Big Data Engineer Resume
Sanjose, CA
SUMMARY:
- Around 7 years of experience spread across Big Data and Java that includes extensive work on Big Data Technologies along with development of web applications in multi - tiered environment using Hadoop, Spark, Scala, HBase, Java, Sqoop, Kafka.
- Hands on experience with Hadoop, HDFS, MapReduce and Hadoop Ecosystem like HBase.
- Experience in working with various RDBMS.
- Good hands on experience with SQL databases MYSQL.
- Experience in writing SQL queries based on the Business requirement.
- Experience in developing a data pipeline through Kafka-Spark API.

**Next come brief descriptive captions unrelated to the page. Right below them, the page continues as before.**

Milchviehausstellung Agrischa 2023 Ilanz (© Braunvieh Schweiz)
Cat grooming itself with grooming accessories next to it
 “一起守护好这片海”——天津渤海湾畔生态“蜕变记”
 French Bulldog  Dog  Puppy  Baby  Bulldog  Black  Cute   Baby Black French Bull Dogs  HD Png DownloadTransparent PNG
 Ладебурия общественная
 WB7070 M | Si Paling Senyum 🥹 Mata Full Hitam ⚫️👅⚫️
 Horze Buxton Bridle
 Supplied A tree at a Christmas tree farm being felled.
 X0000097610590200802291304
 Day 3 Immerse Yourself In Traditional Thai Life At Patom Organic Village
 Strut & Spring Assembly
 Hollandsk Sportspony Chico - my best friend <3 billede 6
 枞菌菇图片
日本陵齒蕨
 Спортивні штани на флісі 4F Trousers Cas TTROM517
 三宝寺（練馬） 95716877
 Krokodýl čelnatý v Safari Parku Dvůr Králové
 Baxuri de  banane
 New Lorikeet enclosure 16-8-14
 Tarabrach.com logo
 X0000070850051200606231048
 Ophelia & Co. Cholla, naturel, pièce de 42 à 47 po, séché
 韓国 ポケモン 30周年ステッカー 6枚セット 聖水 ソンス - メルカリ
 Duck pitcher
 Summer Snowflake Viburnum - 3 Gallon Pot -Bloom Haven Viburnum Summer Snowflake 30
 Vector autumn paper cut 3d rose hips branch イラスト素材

- Experience in loading data into Spark schema RDD's and querying them using Spark-SQL.
- Good at writing custom RDD's in Scala and implemented design patterns to improve the performance.
- Excellent understanding of Hadoop distributed File system and experienced in developing efficient MapReduce jobs to process large datasets.
- Experience in importing and exporting data using Sqoop from HDFS to Relational Database Systems and vice-versa.
- Experienced with different file formats like fixed file Width, CSV, Text files, Sequence files, XML, JSON and Avro files.
- Worked on NoSQL databases like HBase to store structured and unstructured data.
- Experience in Object Oriented language like Java and Core Java.
- Worked with agile and Scrum software development framework for managing product development.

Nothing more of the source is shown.